BACKGROUND IMAGE: iSTOCK/GETTY IMAGES
Microsoft is bringing massively parallel processing (MPP) to the cloud with Azure SQL Data Warehouse. MPP solves large data problems by distributing the data across computing resources so that each node can work on its portion of the data in parallel with all the others. Prior to the Azure SQL Data Warehouse, currently in beta, MPP had been restricted to on-premises technology. Beta user and principal consultant for Denny Cherry and Associates, Denny Cherry said, "Massive parallelism in the cloud is totally new." He added that MPP is going to be the most important feature in Azure SQL Data Warehouse. However, while participating in the ongoing limited public preview, Cherry has seen firsthand what he calls the "growing pains" of the new SQL Azure technology.

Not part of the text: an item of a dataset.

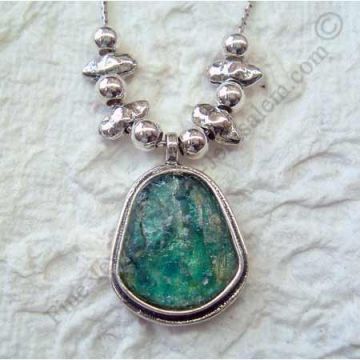 delicate sterling silver Dewdrop necklace with assorted silver beads and Roman glass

"It's definitely a product that is transitioning into something people can use," said Cherry. Microsoft is releasing updates every week as it works to bring MPP to the cloud. However, right now, Cherry still has to deal with beta testing problems like having the data warehouse restart into a new version while he is trying to work.
The Azure SQL Data Warehouse is a petabyte-scale columnar data warehouse service that is distributed, fully managed and able to shrink or grow depending on need. It is designed to work with the upcoming SQL Server 2016. Since the Azure SQL Data Warehouse is based in the parallel processing architecture of the Analytics Platform System, it is capable of integrating with the rest of the Microsoft ecosystem. Azure SQL Data Warehouse is currently in beta testing and Microsoft has not announced a release date. However, on June 24, Microsoft opened Azure SQL Data Warehouse for a limited public preview.

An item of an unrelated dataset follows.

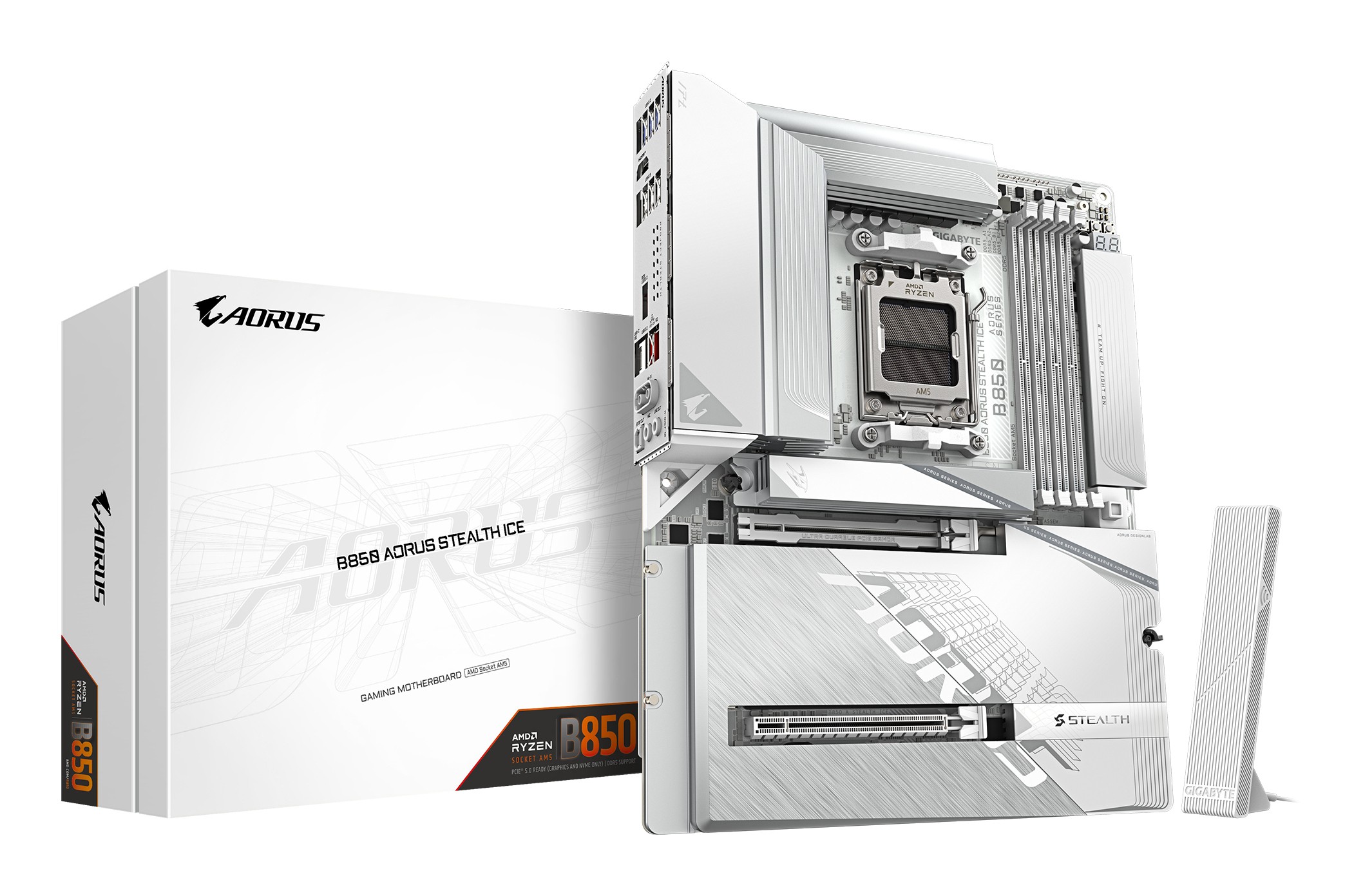 Scheda Madre Gigabyte GA-B850 A STEALTH ICE BTF AM5 DDR5 ATX Bianco Scheda Madre Gigabyte GA-B850 A STEALTH ICE BTF AM5 DDR5 ATX Bianco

The preview is currently open to a small number of customers, but as new customers sign up to try Azure SQL Data Warehouse, the preview will scale up and accept more people. As a member of the Microsoft Early Access Program, Cherry has worked with Azure SQL Data Warehouse for more than two months. He is already helping two retail clients create proof-of-concept data warehouses in Azure SQL Data Warehouse.
Cherry predicted that retailers will be particularly interested in Azure SQL Data Warehouse because they are already familiar with large-scale data warehousing and have been doing business intelligence and data analysis longer than most other industries. According to Cherry, looking for long-term patterns in customer behavior is integral to success in the retail industry. Because of the ubiquity of business intelligence and big data analytics in the retail industry, companies in that sector are always looking for ways to do these things faster and cheaper.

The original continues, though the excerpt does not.